In [157]:
import pickle
import json
from collections import Counter
from itertools import groupby
from itertools import chain

import spacy
from gensim.models import Phrases
from gensim.models.phrases import Phraser
from gensim.corpora import Dictionary

# A: Loading the JSON Data

In [2]:
data = []
with open('../data/corpus.txt') as file:
    for line in file:
        data.append(json.loads(line))

In [3]:
print('number of documents in the JSON file corpus.txt: ', len(data))

number of documents in the JSON file corpus.txt:  10000


## A.1: Extracting Relevant Text

Let's look at a single document from the JSON file to understand its structure:

In [4]:
(data[2])

{'author': {'string': 'Chicago Tribune'},
 'crawlName': {'string': 'chicago_tribue_business'},
 'date': 1507161600000,
 'html': '',
 'humanLanguage': {'string': 'en'},
 'pageUrl': 'http://www.chicagotribune.com/news/local/breaking/ct-gunman-reserved-two-rooms-at-blackstone-photos-20171005-photogallery.html',
 'siteName': {'string': 'chicagotribune.com'},
 'tags': [{'count': 1,
   'label': 'The Blackstone Hotel',
   'rdfTypes': [],
   'score': 0.38,
   'uri': 'http://dbpedia.org/page/The_Blackstone_Hotel'},
  {'count': 1,
   'label': 'Chicago Police Department',
   'rdfTypes': [],
   'score': 0.37,
   'uri': 'http://dbpedia.org/page/Chicago_Police_Department'},
  {'count': 1,
   'label': 'music festival',
   'rdfTypes': [],
   'score': 0.24,
   'uri': 'http://dbpedia.org/page/Music_festival'},
  {'count': 1,
   'label': 'mass shooting',
   'rdfTypes': [],
   'score': 0.19,
   'uri': 'http://dbpedia.org/page/Mass_shooting'},
  {'count': 1,
   'label': 'Lollapalooza',
   'rdfTypes': [],
 

It appears from the sample document above that each article's title and main body are stored in the document's `title` and `text` attributes as strings respectively.
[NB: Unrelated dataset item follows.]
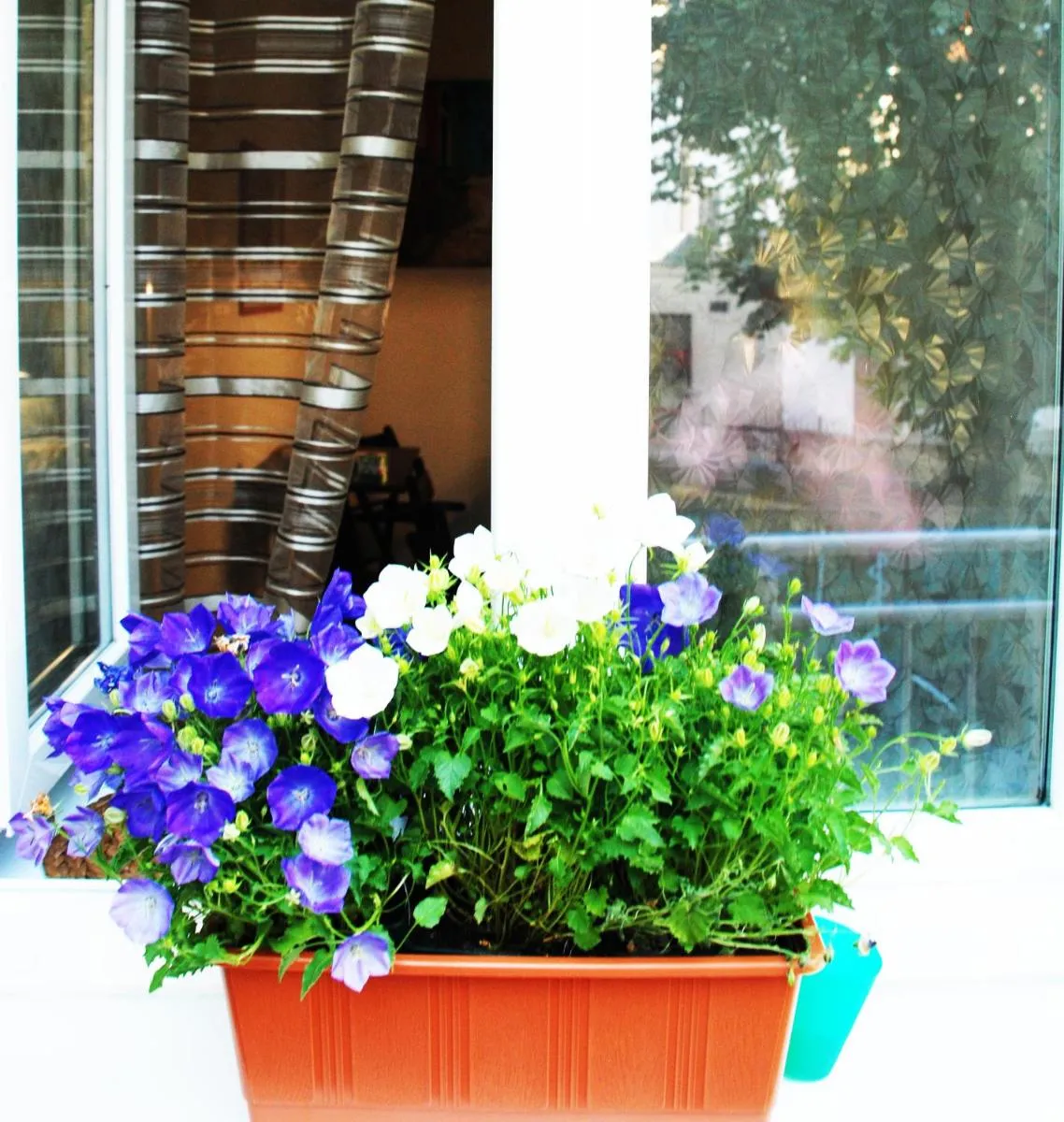 Apartment Vlhka — 4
**Sanity checks to confirm whether the JSON object `data` maintains the structure seen above:**

In [5]:
article_lengths = [len(doc['text']) for doc in data]   # list of the lengths of each article
article_lengths_count = Counter(article_lengths)       # dict mapping article length to frequency of occurrence
print('5 most frequent counts of article lengths (no. of characters in the article):')
print(article_lengths_count.most_common(5))

5 most frequent counts of article lengths (no. of characters in the article):
[(1, 7793), (0, 43), (1068, 4), (2714, 4), (482, 4)]
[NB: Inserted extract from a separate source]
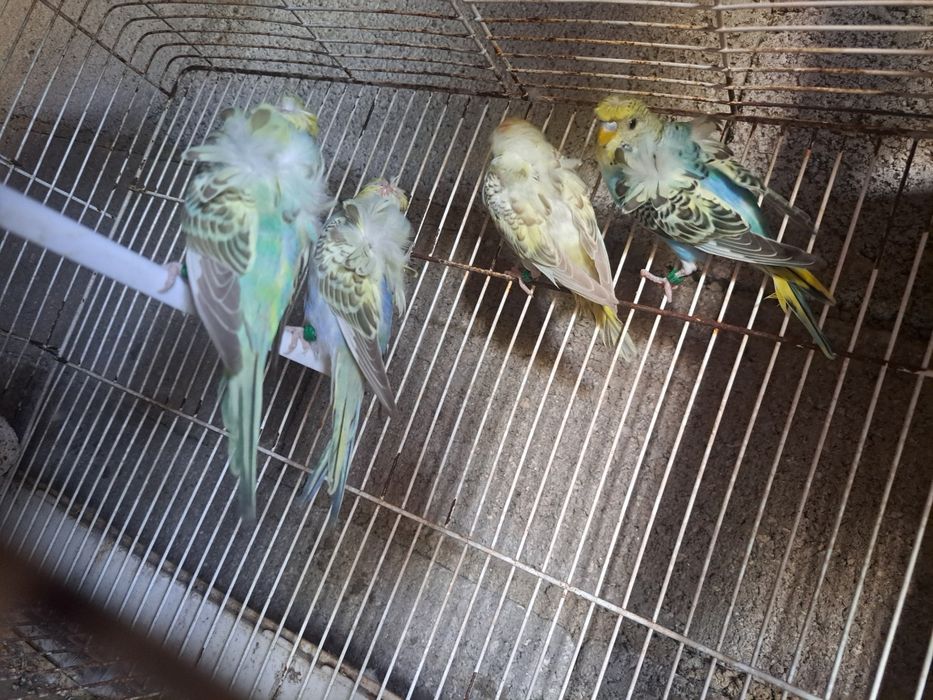 Periquitos hagronomos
There are `7793` documents with article length `1` and `43` with length `0`.  This seems unusual and must be investigated:

In [6]:
print('A document having length of text == 0: format -> (title, text, URL)')
(next(iter(((doc['title'] , doc['text'], doc['pageUrl']) for doc in data if len(doc['text']) == 0))))
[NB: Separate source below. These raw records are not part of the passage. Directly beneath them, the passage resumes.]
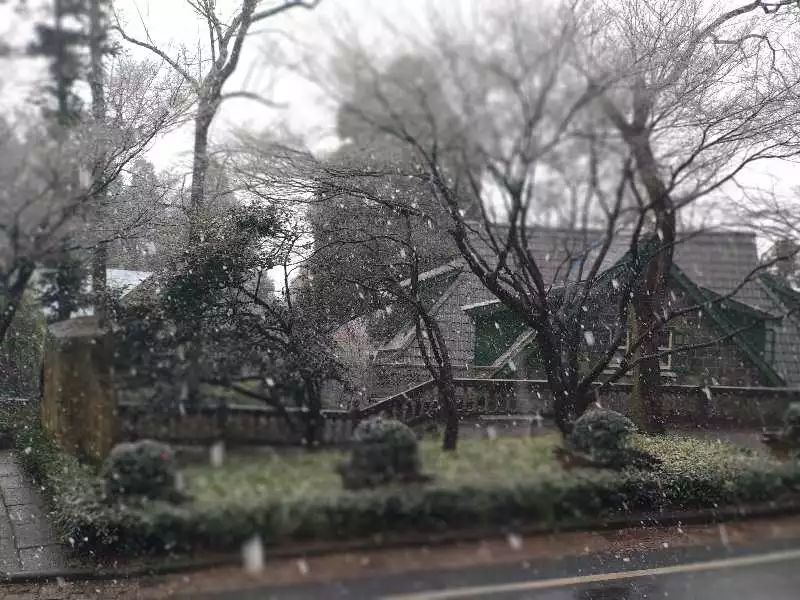 湖州又双叒叕下雪啦!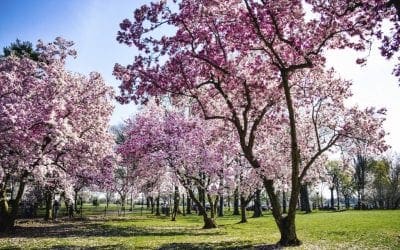 When Is The Real First Day of Spring? Farmers’ Almanac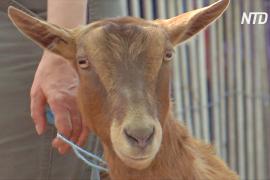 Как козы спасают от сорняков нью-йоркский Риверсайд-парк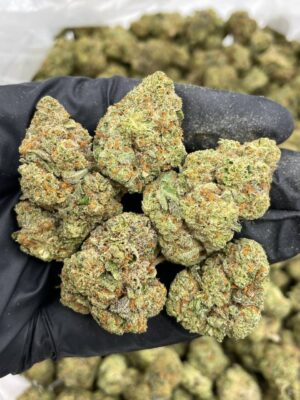 Cherry Stomper Mixed lights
A document having length of text == 0: format -> (title, text, URL)


("Craig Robinson and Adam Scott buddy up in Fox's supernatural comedy 'Ghosted'",
 '',
 'http://www.chicagotribune.com/entertainment/tv/la-et-st-ghosted-review-20170930-story.html')

The sample document above has its article text missing.  The URL associated with the article shows that the full article text is available to read.  The same observation applies to a few other similar documents with zero article lengths that were explored.  It might be possible to acquire the full article text for such articles later.  Since article title constitutes a useful signal, these articles will be retained for topic modeling.  

Let's check if any documents have missing article text as well as title; if any are found, they must be deleted:

In [7]:
print('No. of documents missing both title as well as text: ', end='')
print(len([doc for doc in data if len(doc['text']) == 0 and len(doc['title']) == 0]))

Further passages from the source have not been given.